Local vs global alignment
Local alignment identifies short regions of similarity detecting conserved domains within proteins. Global alignment compares sequences over their entire length, suitable for homologous genes with full-length conservation.
Steps in BLAST algorithm
Read input sentence, generate word seeds, search database for matches, score matches based on substitution matrix, extend matches bidirectionally until score reaches lowest point.
Scoring matrices in BLAST
BLOSUM-Blocks Substitution Matrix - based on conserved protein blocks
PAM-Point Accepted Mutation - based on evolutionary mutations over time.
Blast programmes
BLASTN - nucleotide query and answer
BLASTP - protein query and answer
BLASTX - nucleotide query, protein answer
TBLASTN - protein query, nucleotide answer
TBLASTX - nucleotide (translated) query and answer.

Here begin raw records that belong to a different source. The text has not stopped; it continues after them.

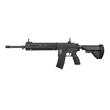 Specna Arms- SA-H03 ONE™ airsoft AEG HK416 fekete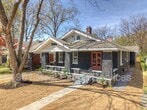 Primary Photo - 2162 Court Ave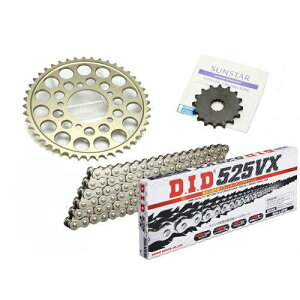 KUNIMI �����R�}�[�X �X�v���P�b�g���`�F�[���L�b�g �i��:KD41402 CB-1 �T�C�Y:525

What is E value in BLAST results?
Score for how similar the answer is to the sequence of the query, the closer to 0 the better.
Why are protein sequences preferred in BLAST?
Proteins are conserved, less mutations (bacteria).
High scoring segment pairs (HSPs)
Ungapped local alignments between a query and a database sequence with scores above a predefined threshold.